Unsurprisingly after all that, yesterday’s annual results — featuring an £131m loss, eight per cent slump in deposits, and cuts to its expansion plans — made for pretty grim reading.
Shares slumped to an all-time low. But the famously dog-friendly challenger bank’s problems run even deeper than this series of calamities: it isn’t challenging the incumbents in the right place.
Metro Bank was founded to revolutionise high street banking, taking on the Big Four lenders with improved customer service and longer opening hours. But, thanks to the well-documented collapse in footfall and stiff online competition, the high street it set out to shake up no longer exists. Instead, incumbents and high street challengers alike are battling to make a profit amid squeezed margins and years of low interest rates.
Just a few hours after the release of Metro Bank’s results, Lloyds said it will cut 780 job across its UK branches, blaming declining demand for high street banking, and Virgin Money announced the loss of 22 branches and 500 jobs.
While both Lloyds and Metro Bank have ruled out branch closures for now, the latter will dramatically cut the pace of new openings, and both lenders are ultimately heading in the same direction.
Now, the industry’s fiercest challengers are nimbler digital-only competitors, who can offer technological innovation and better user interfaces than their more established counterparts.
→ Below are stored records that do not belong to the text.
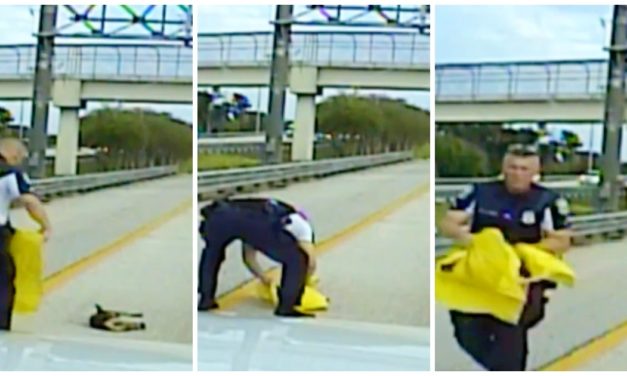 Police Officer Stops 6-Lane Florida Highway To Rescue Dog Hit By Car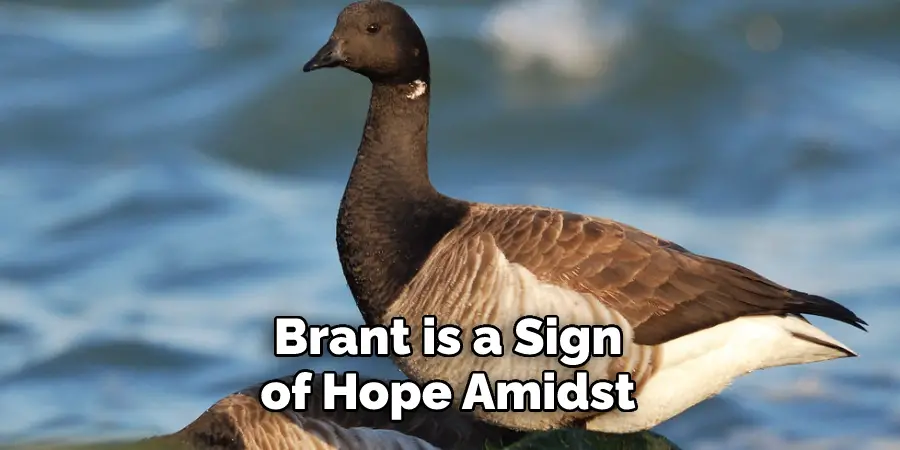 Brant is a Sign of Hope Amidst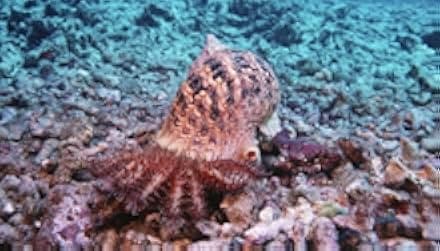 Deep Sea 2006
Digital banks operating in the UK almost trebled their customer base in 2019, edging towards 20m global users.
While many fintechs come with their own profitability challenges, the success of firms like Revolut — which this week became the joint most valuable fintech startup in Europe, with a new $5.5bn valuation — shows that online competition isn’t easing off any time soon.
Analysts now suggest Metro Bank may have to sell off part or all of its business to secure its future, but chief exec Dan Frumkin insisted yesterday the bank is “here for the long term”. Metro Bank must move on from its annus horriblis, and quickly.